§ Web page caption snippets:
- - - - -

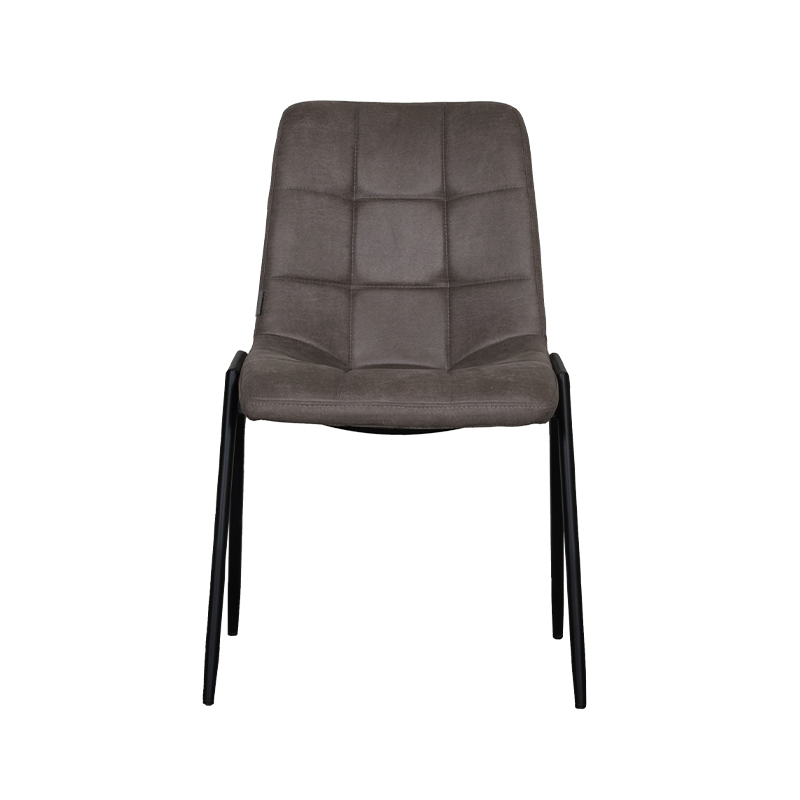 Eetkamerstoel Noor - Taupe - Micro Suede - Zwart Metalen Frame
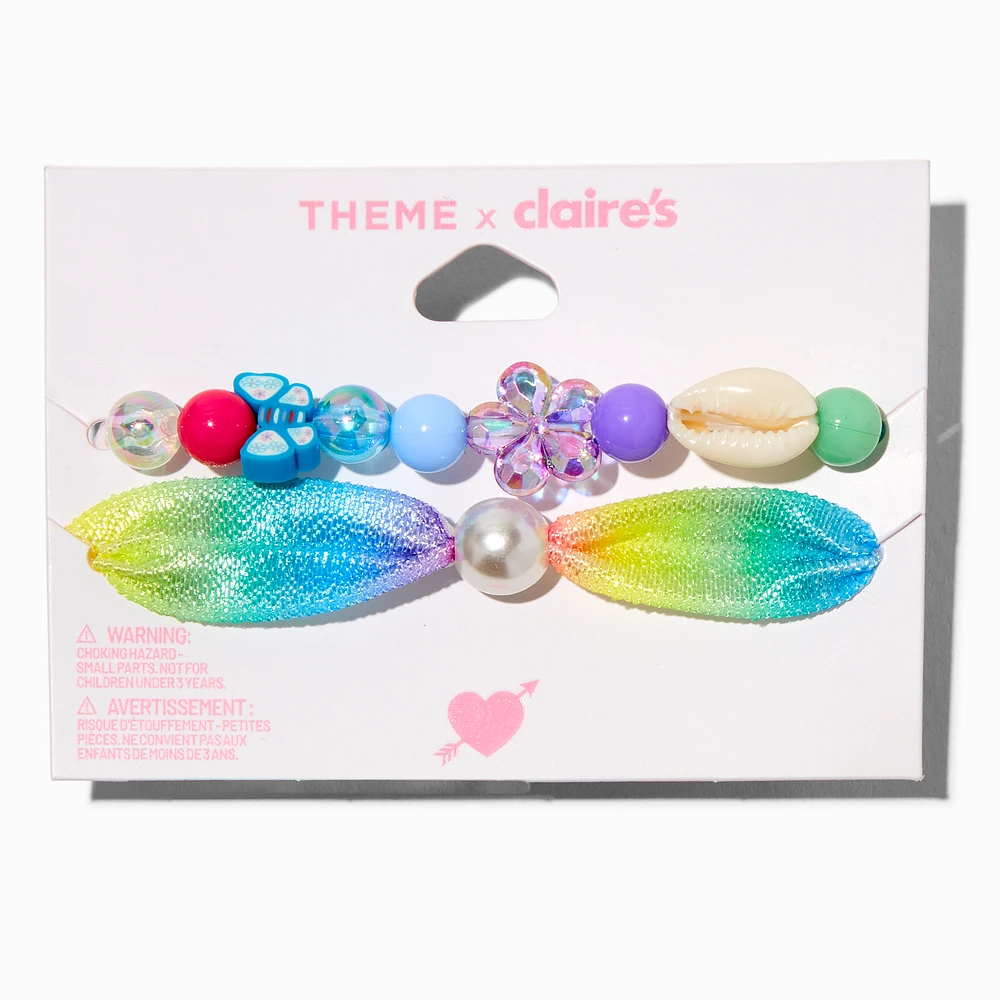T H E M E x Claire's Beaded Mixed Media Bracelet Set - 2 Pack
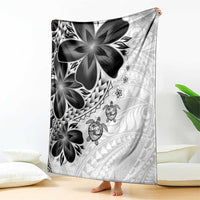 Polynesia Romantic Valentine Blanket Sea Turtle Couple With White Plumeria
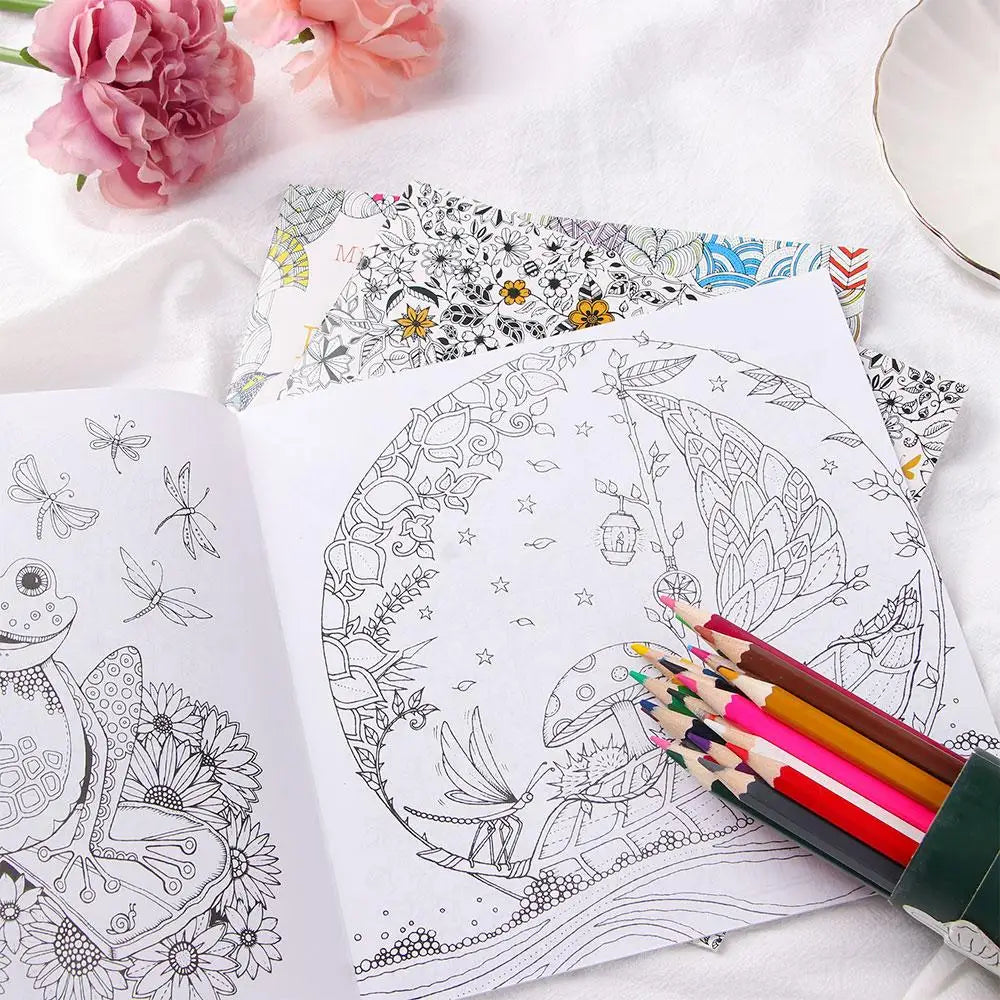 24 Pages Office School Kill Time English Edition Mixed Colouring Book Painting Graffiti Hand Painted Drawing Activities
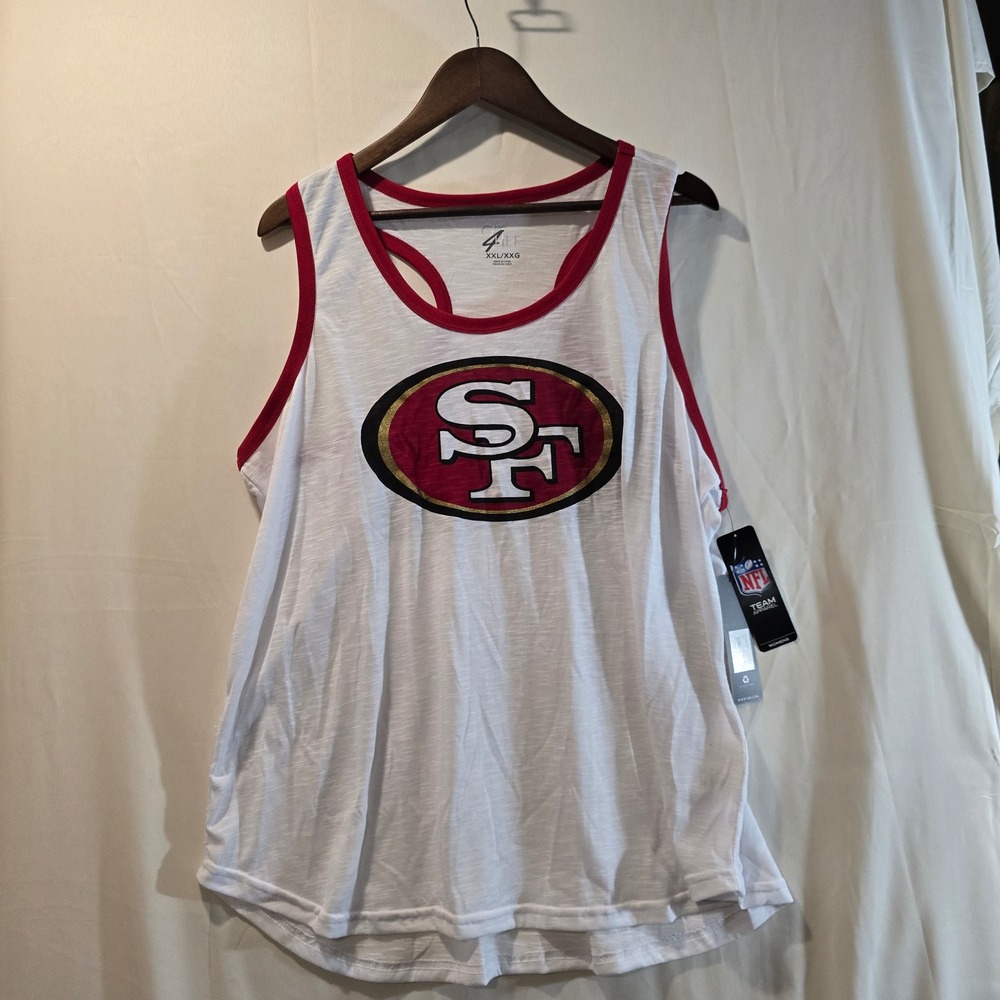 GIII NFL San Francisco 49ers‎ Womens White Red Sleeveless Tank Top XXL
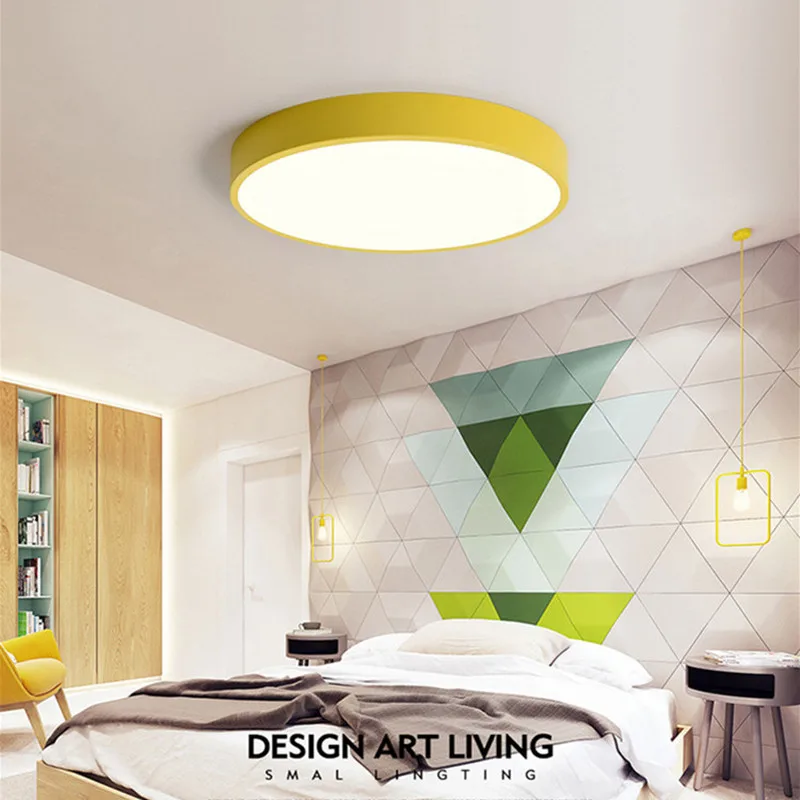 Современный ультра-тонкий круговой СВЕТОДИОДНЫЙ потолочный светильник карамельного цвета для детской комнаты, светильник для кабинета, спальни, бара, потолочный светильник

- - - - -

§ To do: Set the pictures aside and repeat only the lines from the one containing "24 Pages Office" through the last line of the entries above, exactly as they stand.

§ Answer space:
 24 Pages Office School Kill Time English Edition Mixed Colouring Book Painting Graffiti Hand Painted Drawing Activities
 GIII NFL San Francisco 49ers‎ Womens White Red Sleeveless Tank Top XXL
 Современный ультра-тонкий круговой СВЕТОДИОДНЫЙ потолочный светильник карамельного цвета для детской комнаты, светильник для кабинета, спальни, бара, потолочный светильник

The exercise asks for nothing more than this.